Mon manifeste : il faut prendre le temps.
Il faut prendre le temps.
Le temps de se poser. Vraiment.
Le temps d’arrêter de courir, de faire semblant, de tenir pour les autres.
Le temps d’être vrai. D’être soi.
Parce qu’il arrive un moment où il faut regarder les choses en face.
L’insomnie à 3h. La trahison qui tourne. La fatigue qui ne part plus. La colère de ton ado. Ce couple qui s’éteint.
Il y a toujours une raison de se battre. Toujours. Parce qu’au bout du tunnel, il y aura toujours une vraie main tendue
pour te relever — pas pour te juger, pas pour tout détruire alors qu’il reste tant à sauver. Mais se battre, ce n’est pas encaisser.
Se battre, c’est d’abord se mettre en sécurité. Quand il te frappe. Quand elle t’humilie. Quand elle te vide jusqu’à l’os.
À ce moment-là, ton enfant intérieur ne cherche pas un chatbot, ne cherche pas une intelligence artificielle,
ne cherche pas le virtuel. Il cherche un souffle. Un regard. Un cœur qui bat en face du sien. Un humain. Un être vivant.
Parce que tu n’es pas un dossier. Tu n’es pas un algorithme. Tu es une personne. Et une personne a besoin d’une personne.
La vie que tu mènes ne sera jamais à la mesure de l’avis des autres. Et parfois, il faut avoir l’honnêteté brutale de
se remettre en question avant de tout saccager juste pour plaire à l’extérieur, juste pour rentrer dans une case.
Parce que la maltraitance a plusieurs visages. Elle ne porte pas toujours la main d’un adulte. Parfois c’est la bouche
d’un ado qui détruit. Parfois c’est le silence d’un proche, le jugement d’un inconnu, la pression d’un système.

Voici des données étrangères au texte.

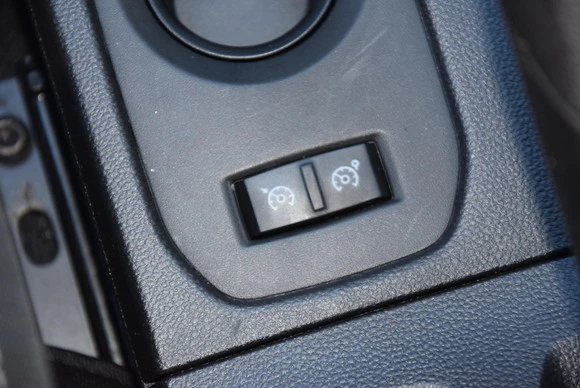 Dacia Duster - Afbeelding 26 van 30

Elle hurle, elle isole, elle manipule, elle éteint à petit feu. Elle existe. Sous mille formes. Et elle n’a pas le dernier mot.
Il faut oser se poser LA bonne question : « Qu’est-ce que je choisis, maintenant ? »

L’hypnose Sajece, ce n’est pas dormir. Ce n’est pas oublier.
C’est reprendre la barre.
Imagine ton inconscient comme un bateau pris dans la tempête depuis des années. Moi, je ne prends pas le gouvernail
à ta place. Je monte à bord avec toi, j’éclaire la cale avec la lanterne, et je t’aide à jeter par-dessus bord ce qui te fait couler.
Dans n’importe quelle circonstance, tu restes maître à bord. Toujours.
Je n’ai pas peur de tes silences. Je n’ai pas peur de tes larmes. Je n’ai pas peur des bonnes questions, même celles qui piquent.
Parce que je sais qu’au bout, il y a toujours quelqu’un pour t’écouter vraiment. Pour t’entendre sans te juger. Pour te comprendre sans t’analyser. Pour t’aider sans te diriger.
Si je suis là aujourd’hui, ce n’est pas par hasard.
C’est parce que sur mon chemin, j’ai eu la chance immense de croiser des mains tendues, des regards qui ont cru
en moi quand moi je n’y croyais plus, des voix qui m’ont relevé. Je les remercie. C’est grâce à eux que je suis devenu
l’homme que je suis et c’est pour cela qu’aujourd’hui je fais ce métier. Aujourd’hui, je suis là. Pour toi.

Mon rôle n’est pas de te réparer. Tu n’es pas cassé.
Mon rôle est de tenir la lanterne pendant que tu descends voir ce que tu as enfoui.
Mon rôle est de créer l’espace où ton corps peut enfin déposer ce poids.
Mon rôle est de te rappeler que tu as le droit de choisir la paix, maintenant.
Alors souffle.
Souffle comme sur ce pissenlit au coucher du soleil.
Regarde chaque graine s’envoler. Chacune porte un nom : la peur, la honte, la trahison, la colère, le « je ne suis pas assez ».
Ne les retiens plus. Elles ne t’appartiennent plus. Elles n’ont jamais été toi.
Laisse le vent les prendre. Laisse le temps les emporter loin de ta poitrine.
Sens ce vide qui n’est pas un manque, mais une place qui se libère enfin.
C’est là que ta vraie vie recommence.
N’oublie jamais l’amour que tu as reçu. Prends le temps de te poser, de te souvenir : l’amour qu’on t’a donné, celui
que tu as offert, et même celui que tu n’as jamais eu enfant. S’aimer bien plus qu’hier, mais moins que
demain — c’est ça, le chemin. Demain sera un jour différent. La vie est comme un pissenlit : quand le vent souffle
trop fort, tout peut s’envoler. Alors quel que soit ton choix, je serai là. Pour t’aider. Parce que je sais te lire.